INSTRUCTIONS FOR THE TASK:
Restate each of the lines below word for word and drop every picture.

BEGIN THE DATA

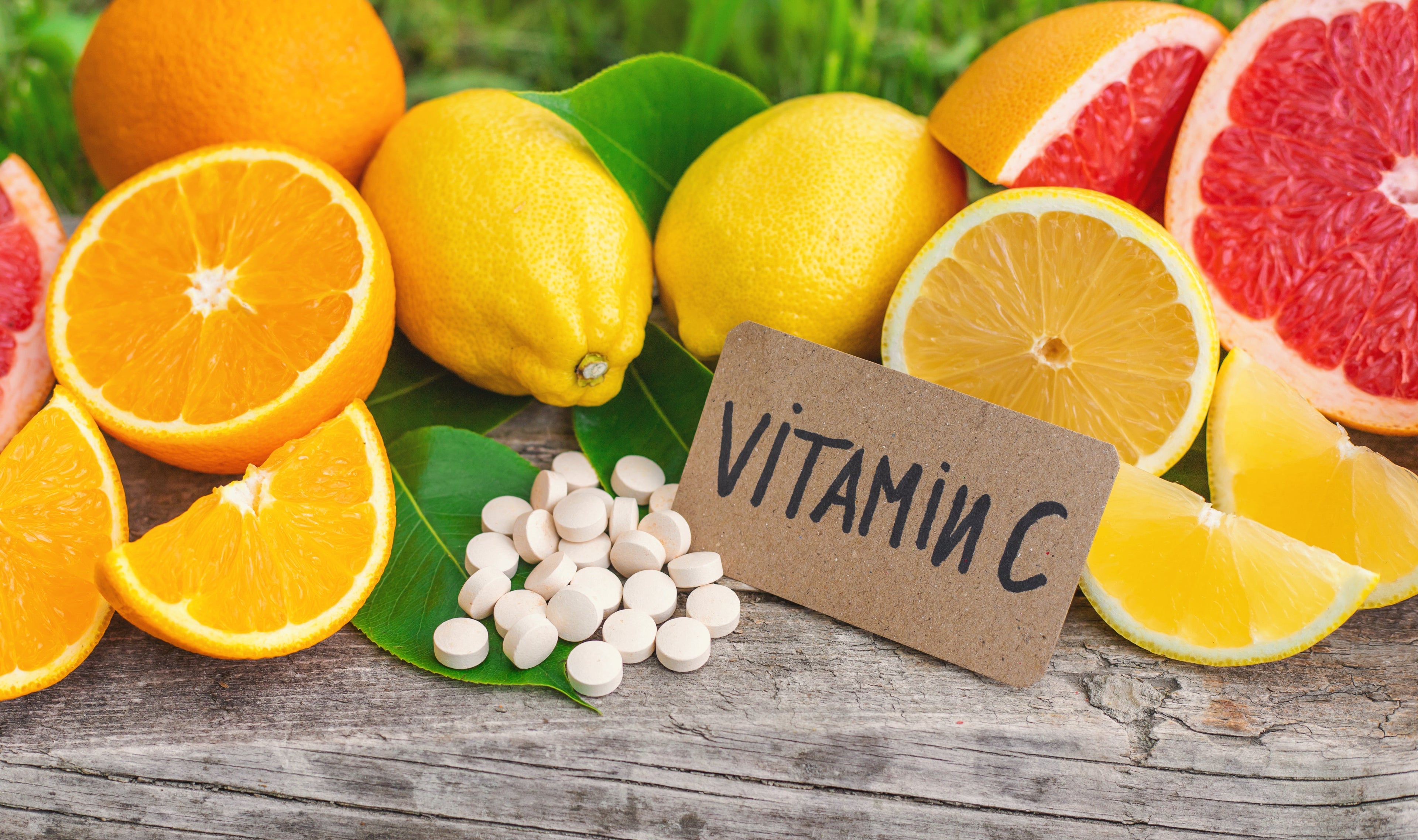 Vitamine C naturelle ou synthétique ? Image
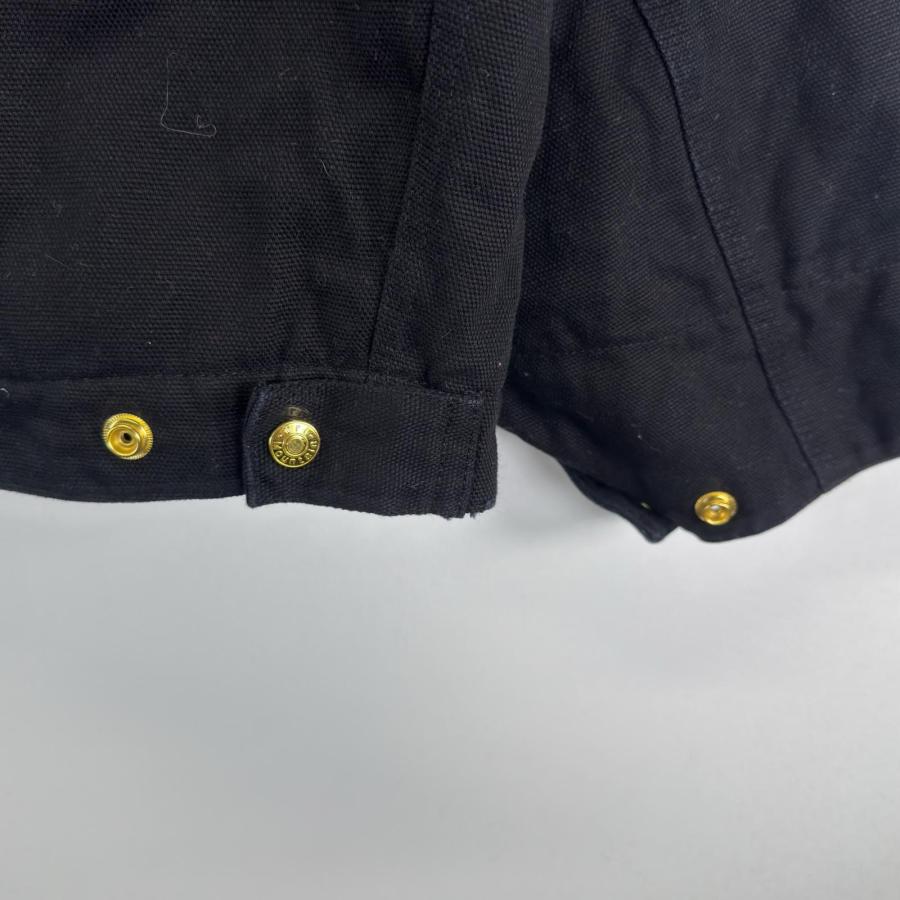 古着 Tn Mountain ジャケット ダック ワーク フルジップ 中綿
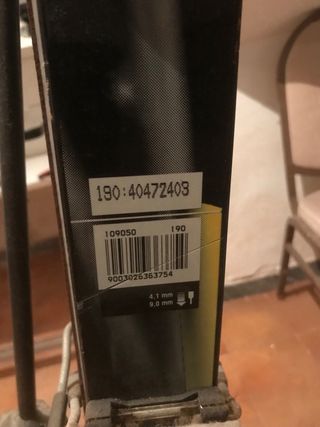 Palos de esquí Atomic ARC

END THE DATA

RESPONSE BOX:
 Vitamine C naturelle ou synthétique ? Image
 古着 Tn Mountain ジャケット ダック ワーク フルジップ 中綿
 Palos de esquí Atomic ARC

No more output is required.